Chinese Social Media

May 24, 2012

QZone is one of China's biggest online social networks

One of the interesting aspects of research for the book was finding out more about how social media is used outside the West. In particular, there is a huge, and mainly homegrown, Web 2.0 environment in China. Services such as QZone, RenRen and CyWorld dominate their home market and have hundreds of millions of users.

I was reminded of this a couple of days ago whilst reading about the Facebook IPO. The Guardian published an analysis by technology editor, Charles Arthur, which included the following quote from Ed Barton, a digital media specialist:

“Facebook depends on advertising, and I would highlight that the fastest-growing internet media markets are China and the Far East, India and Brazil. Facebook’s potential is nowhere near as strong in those as it has been in the US. And in those markets there are often a number of locally oriented social networks already in place.”

With billions in the bank from its IPO, the normal route to expansion for Facebook might be a major purchase in one of these emerging markets. But things are never that simple in one-party-state China. The IPO may have run into local difficulties in the last few days, but the battle for Chinese users is a longer term strategic challenge for the company.

Web 2.0 and Beyond is published

May 18, 2012

A couple of years ago I was approached by an American publisher about the possibility of writing a general reference/textbook that covered Web 2.0 and Social Media. It followed on from the success of a report I wrote for JISC in 2007, which was written for both technical and non-technical readers, and the publishers wanted something similar, but more of it.

Well yesterday a friend rang to ask if I knew that the ‘buy’ link had been activated on Amazon, so I guess I can say that my book, Web 2.0 and Beyond (published by Chapman & Hall/CRC, a computer science imprint of Taylor & Francis), is well and truly published.

The remit was challenging – CRC were developing a new series, aimed at reinventing the textbook format. Their point was that, increasingly, it is students from business studies, economics, law, media studies, psychology etc. who want to understand what CompSci is up to but who don’t necessarily have the deep technical knowledge to really understand how the technology came to be or what the implications of it are. However, as CRC is primarily a computer science imprint they also didn’t want to compromise on the requirements of their primary audience.

I was particularly interested in this idea because studying social media is increasingly becoming an interdisciplinary melting pot. Also, having taught computer science I was keen for students to have a well-rounded sense of the discipline – that they should have a sense of context rather than just learn how to write code. I could also see parallels with Web Science, the study of the Web as the world’s largest and most complex engineered environment (which at the time was only just starting to emerge), and I thought that if ever there was going to be a moment when it was possible to bring all this together in one book, it would be now.

The tricky thing, of course, was getting it all to come together. With the help of some extremely skilful editing I think what we’ve done is to obey three golden rules: only tell readers what they need to know at that point in time; use narrative techniques that engage the reader and allow them to read through the filter of their own discipline; and to keep highly specialised information (hard-core technical information, overviews of research etc.) in separate sections and chapters.

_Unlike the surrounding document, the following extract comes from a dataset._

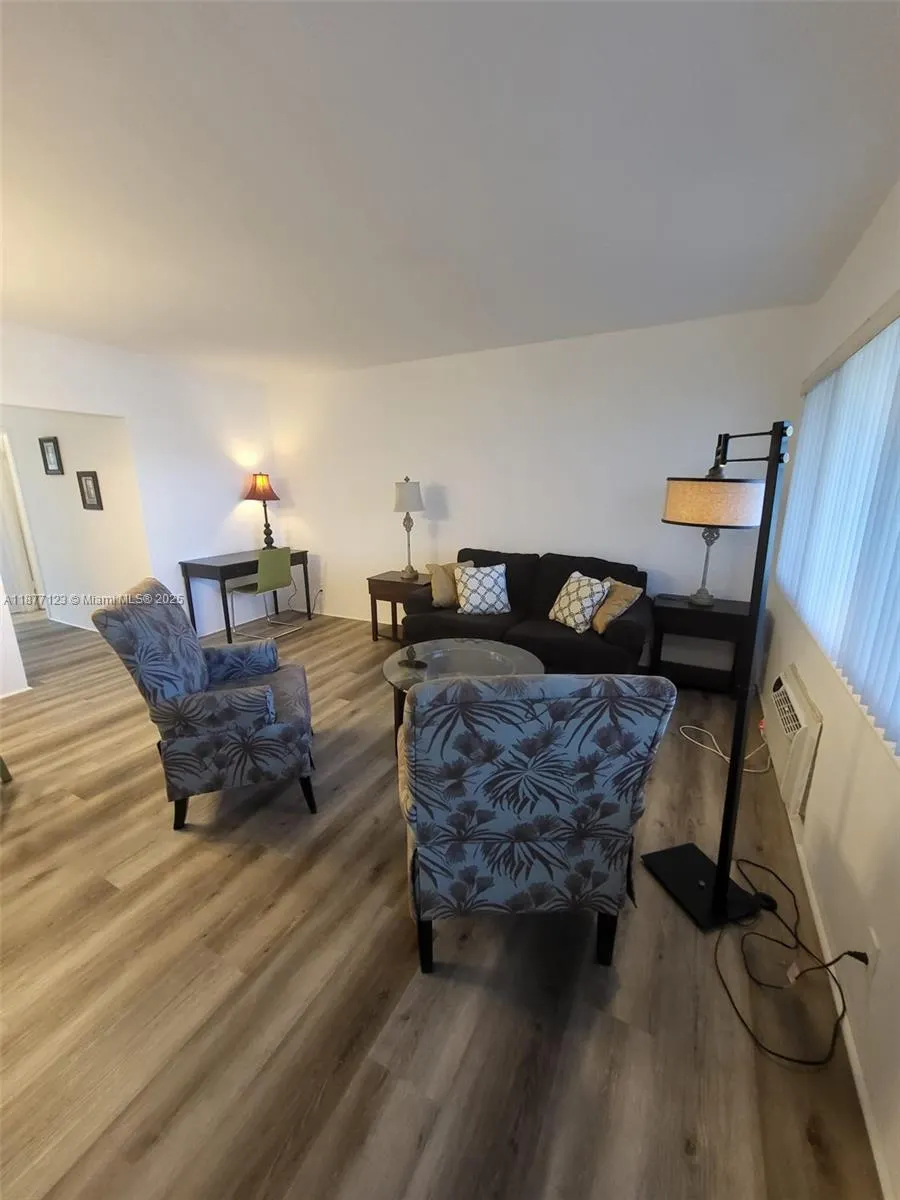 600 Layne Blvd, #216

The framework for all of this is the ‘iceberg model’, which tackles Web 2.0 using a layered approach. The premise of the book is that if you understand the iceberg model you will be better equipped to understand how the Web is likely to evolve in the future. There are, of course, a few pointers as to what that might look like.

In the spirit of Web 2.0 there are also various information sources associated with the book. There’s a YouTube channel where I post information about relevant videos, and you can find out about these if you subscribe to the book’s Twitter feed (@web2andbeyond) where I also post other snippets of relevant information that help to keep the book fresh. More detailed information is on the book’s Facebook page (www.facebook.com/web2andbeyond), which also includes notes and excerpts to give a taste of the narrative style of writing I mentioned earlier.

It has been a while in the making and part of me still can’t believe that it’s actually here, but it is, so now all I need is for people to buy it. Hint hint.

Bubble 2.0?

May 2, 2012

My new book on Web 2.0, which comes out later this month, concludes with a brief review of the prospects of us entering a second Internet stocks bubble. Although somewhat forgotten now (eight years is an eon in computing), the original concept of Web 2.0 emerged out of the dot-com crash that followed the Internet bubble of the late 1990s. With the Facebook flotation and recent purchase of Instagram this has become a topical issue, and I was interested to read a piece on GigaOm which reviews the evidence for and against.

2012: meme or mayan?

January 11, 2012

The turning of the year is always a time for foresight, but 2012 has been imbued with special significance thanks to the Mayan Long Count calendar. Despite our impending doom, on the Web there’s the usual slew of new year prediction stuff: a proper Apple TV – to be or not to be; will cloud computing continue to storm; can Windows 8 save Nokia, or even Microsoft; how long will e-mail last as a form of communication. However, amongst the low-hanging fruit there was a handful of more interesting and thought provoking predictions so here goes (in no particular order):

On the Web 2.0 front, entrepreneur Elad Gil has predicted that 2012 will be the year of what he calls ‘social curation’ – with services such as Pinterest and Storify showing the way. Fast Company predict a significant new player will emerge in online social networks in 2012 whilst Gartner are arguing that by the end of 2014, at least one social network provider will become an insurance sales channel.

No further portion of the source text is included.